There are currently only six hydrogen filling stations in Australia, according to the latest CSIRO (Commonwealth Scientific and Industrial Research Organisation) data, including public and commercial sites.
Globally, BMW rival Mercedes-Benz has also developed hydrogen FCEVs, with Mercedes-Benz offering the GLC F-CELL SUV on a limited lease program in Germany until 2020.
BMW Australia has openly considered hydrogen – a technology the automaker has also experimented with for decades – for local showrooms, having previously brought an iX5 Hydrogen FCEV to Australia, which CarExpert tested in 2024.

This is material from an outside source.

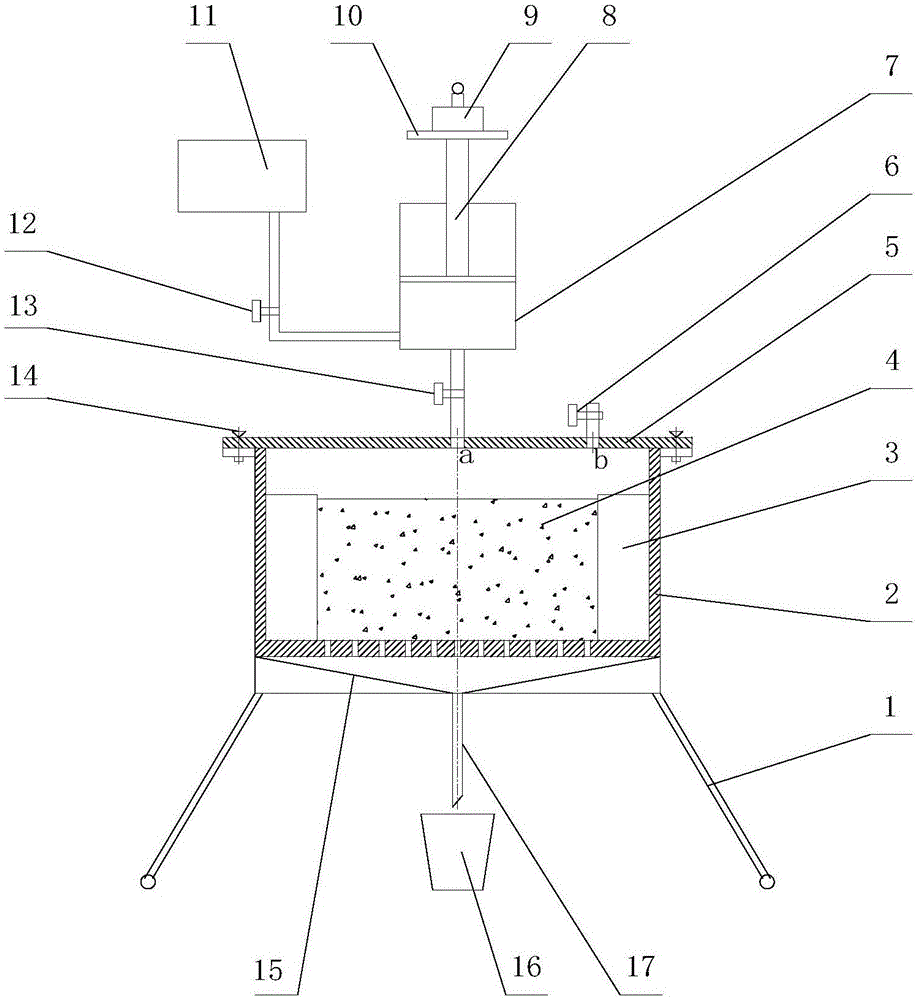 Anti-lateral seepage asphalt pavement water seepage device with constant-pressure variable head and method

Badged iX5 – as the upcoming electric and hydrogen X5s will be – the test model used a 125kW fuel cell to convert compressed hydrogen into electricity, feeding a battery pack of less than 10kWh which powered the rear-mounted electric motor.
Full details of the new-generation X5 FCEV haven’t been announced, though it’ll have a claimed 750km of range. Refuelling will take under five minutes, and all-wheel drive will be standard.
While ruling out hydrogen for now, Mr Michel was coy on the percentage of sales each powertrain would make up for the new X5 in Australia.
The new model will kick off with the X5 40 xDrive petrol and X5 40d xDrive diesel – both with 48V mild-hybrid technology – due here by the end of 2026.

“What we know at the moment, even last year’s full year results – 65 per cent of what we sold was diesel, so we know diesel still going to remain in 65 per cent [range] in Australia,” the BMW product planner said.
BMW Australia delivered 3673 examples of the current X5 in 2025 – a year-on-year gain of 16.3 per cent – with diesel accounting for about 2388 of those sales.
“[The diesel is] one of our highest-selling individual variants that we bring into the Australia market; it ticks all boxes from performance, power, torque, efficiency, touring and towing capabilities,” said Mr Michel.

“We’ll still keep that with this new generation, but now we’ll also have a fully electric offering, which offers really impressive driving range as well as up to 845 kilometres from one single charge”.
The electric iX5 and plug-in hybrid X5 are due in Australia by mid-2027.
“That might see our customers maybe move start to slowly move away from diesel or internal combustion and into fully electric, plus we expect this to conquest a lot of our of our competitors,” Mr Michel said.